Print, exactly as they appear in the listing below, the lines from the line with "オフホワイト OFF WHITE ニットカーディガン 長袖 Vネック 切替 バイ" to the line with "14K Italian Gold Geometric Dangle Earrings", with both end lines kept.

## Records provided
━━━━━━━━━━━━━━━━━━━━
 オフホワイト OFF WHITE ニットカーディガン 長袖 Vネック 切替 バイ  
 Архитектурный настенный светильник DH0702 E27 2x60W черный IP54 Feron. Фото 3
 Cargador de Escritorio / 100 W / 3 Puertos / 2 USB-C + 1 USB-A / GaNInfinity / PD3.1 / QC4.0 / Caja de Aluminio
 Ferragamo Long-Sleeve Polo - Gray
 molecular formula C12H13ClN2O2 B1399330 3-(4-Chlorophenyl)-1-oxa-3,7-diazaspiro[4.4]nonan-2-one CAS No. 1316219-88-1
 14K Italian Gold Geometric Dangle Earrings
━━━━━━━━━━━━━━━━━━━━
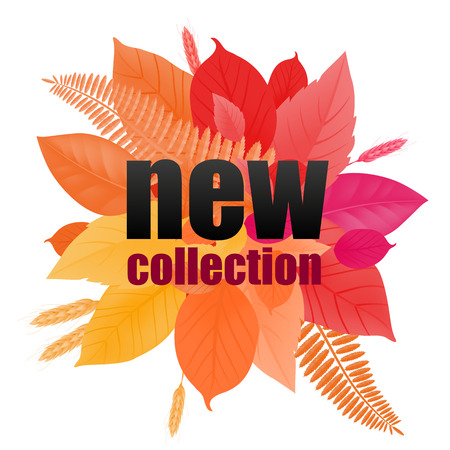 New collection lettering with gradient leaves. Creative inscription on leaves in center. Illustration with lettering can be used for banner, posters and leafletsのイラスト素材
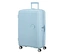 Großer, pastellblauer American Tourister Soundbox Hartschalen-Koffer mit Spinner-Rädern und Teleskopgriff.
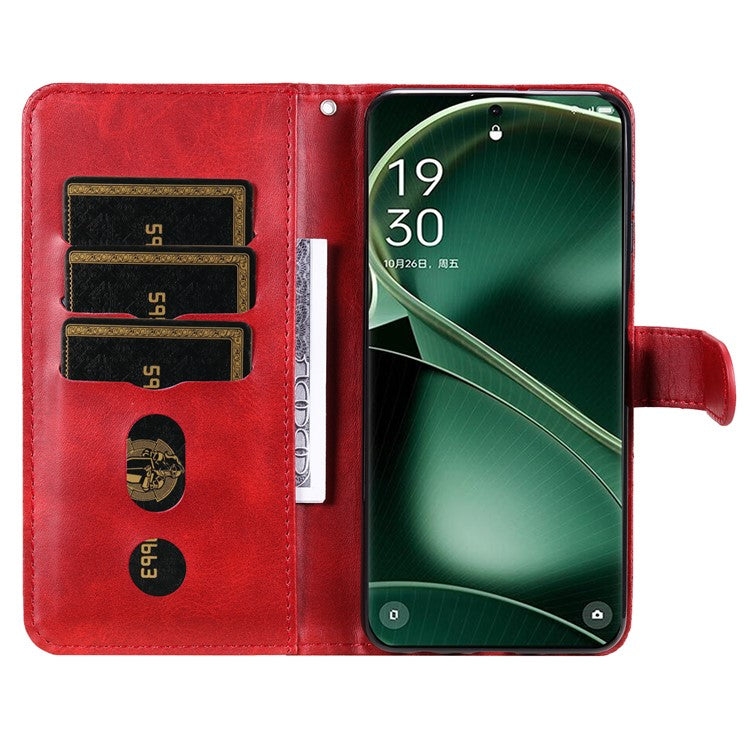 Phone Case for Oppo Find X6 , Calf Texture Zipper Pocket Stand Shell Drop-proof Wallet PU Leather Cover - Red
━━━━━━━━━━━━━━━━━━━━
## Response
 オフホワイト OFF WHITE ニットカーディガン 長袖 Vネック 切替 バイ  
 Архитектурный настенный светильник DH0702 E27 2x60W черный IP54 Feron. Фото 3
 Cargador de Escritorio / 100 W / 3 Puertos / 2 USB-C + 1 USB-A / GaNInfinity / PD3.1 / QC4.0 / Caja de Aluminio
 Ferragamo Long-Sleeve Polo - Gray
 molecular formula C12H13ClN2O2 B1399330 3-(4-Chlorophenyl)-1-oxa-3,7-diazaspiro[4.4]nonan-2-one CAS No. 1316219-88-1
 14K Italian Gold Geometric Dangle Earrings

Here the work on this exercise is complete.